Starting at the line with "Вид 2017 JAGUAR XF PRESTIGE, угол 1", return every line through the final one of the data, word for word. Pictures stay out.
------ INFORMATION GIVEN ------
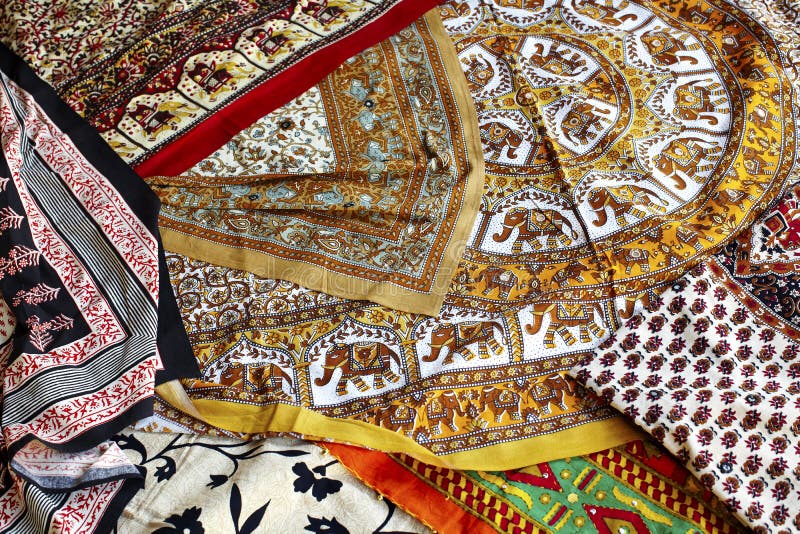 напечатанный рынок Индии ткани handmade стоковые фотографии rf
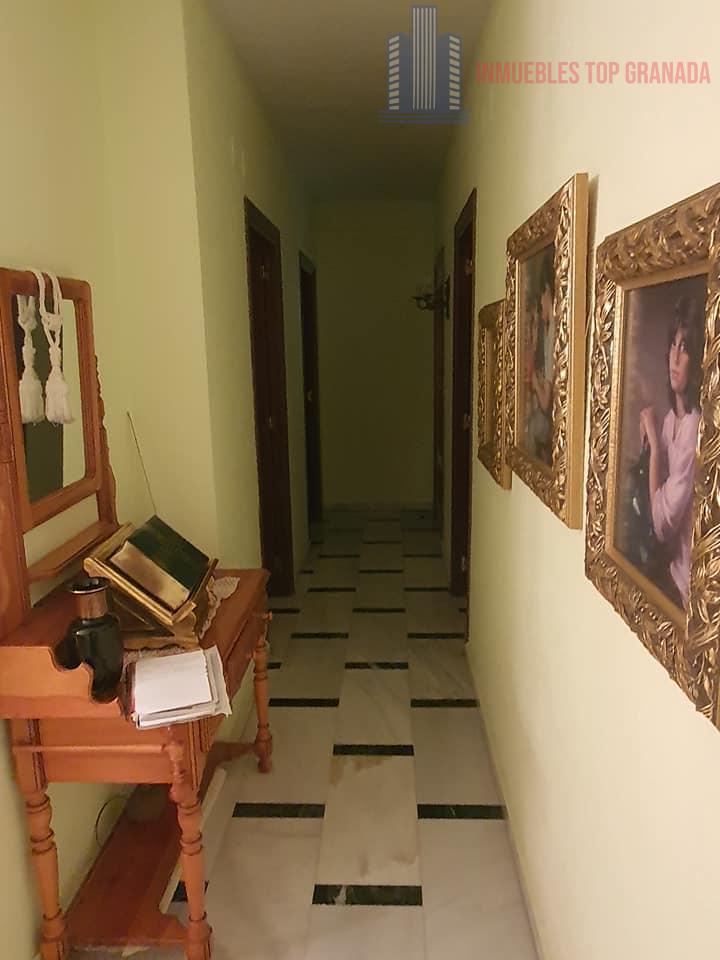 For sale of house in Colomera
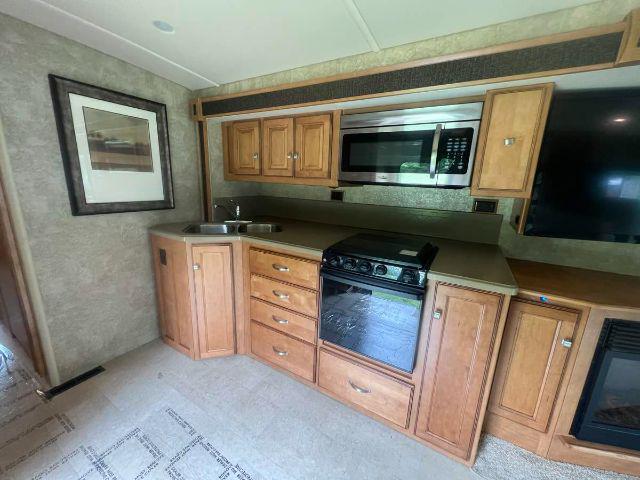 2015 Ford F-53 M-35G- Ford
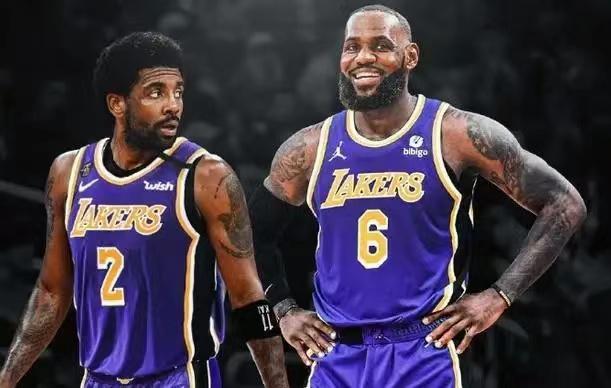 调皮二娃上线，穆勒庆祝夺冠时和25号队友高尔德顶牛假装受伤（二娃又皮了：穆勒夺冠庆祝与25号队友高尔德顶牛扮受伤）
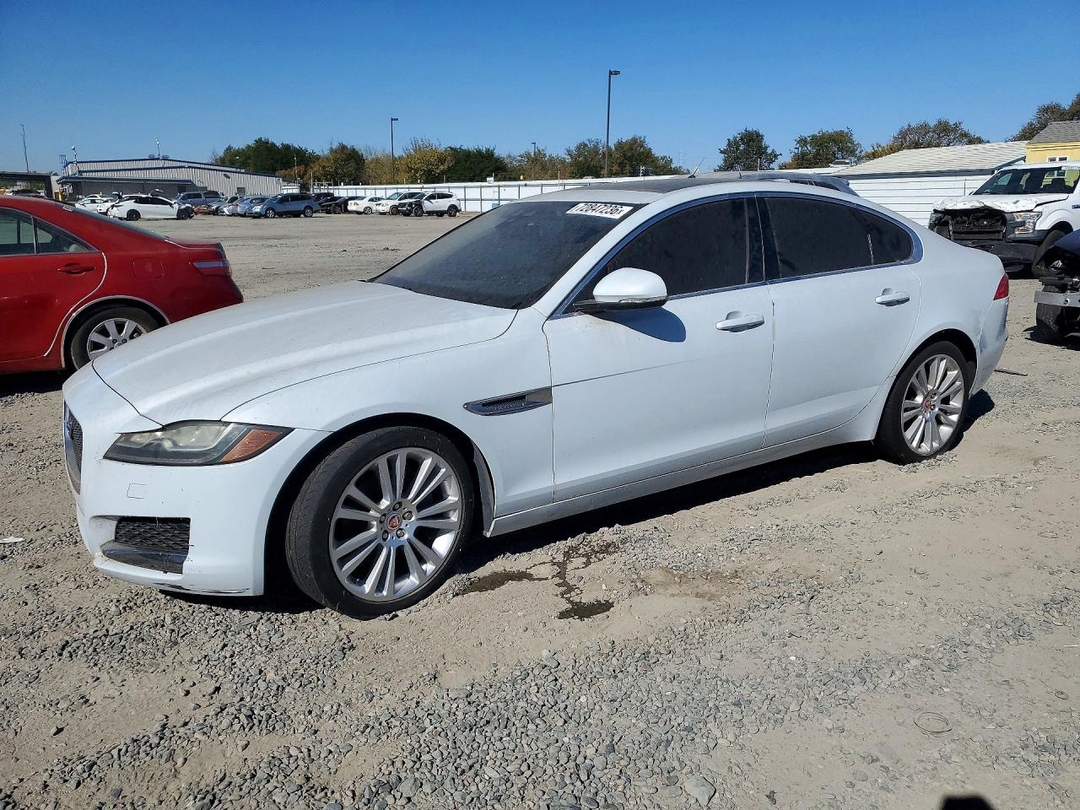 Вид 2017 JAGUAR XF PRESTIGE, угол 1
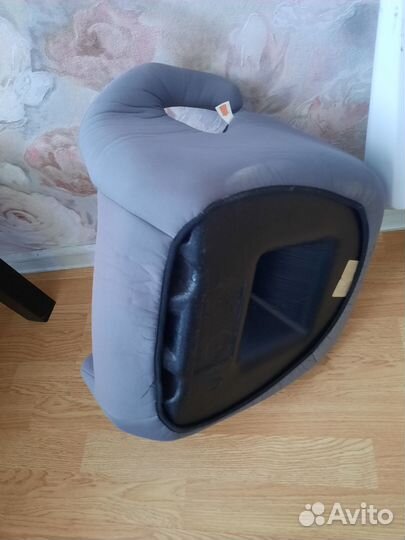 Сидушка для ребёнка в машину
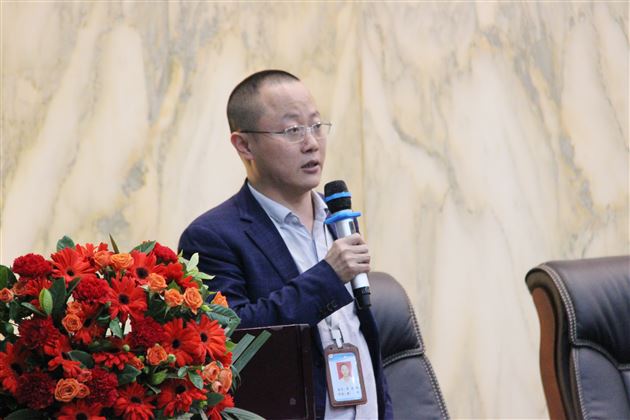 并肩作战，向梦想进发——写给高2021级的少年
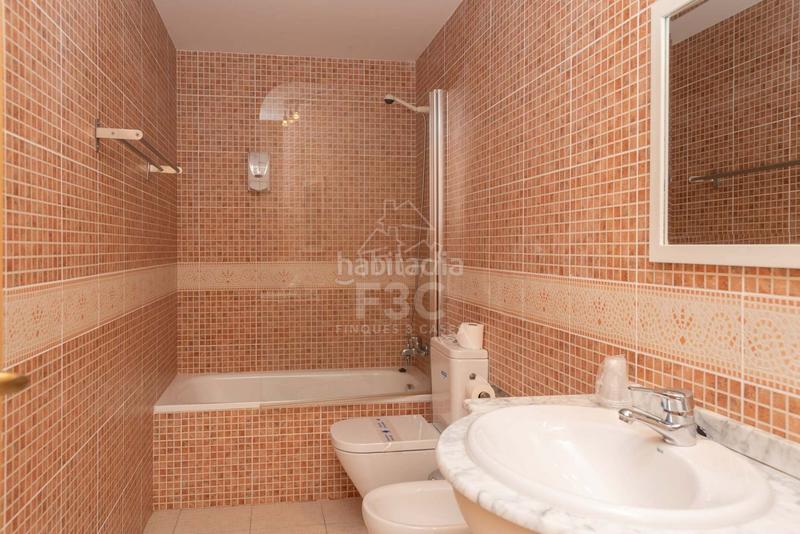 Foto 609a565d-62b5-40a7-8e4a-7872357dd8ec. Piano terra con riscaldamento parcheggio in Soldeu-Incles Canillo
------
ANSWER TO THE PROBLEM:
 Вид 2017 JAGUAR XF PRESTIGE, угол 1
 Сидушка для ребёнка в машину
 并肩作战，向梦想进发——写给高2021级的少年
 Foto 609a565d-62b5-40a7-8e4a-7872357dd8ec. Piano terra con riscaldamento parcheggio in Soldeu-Incles Canillo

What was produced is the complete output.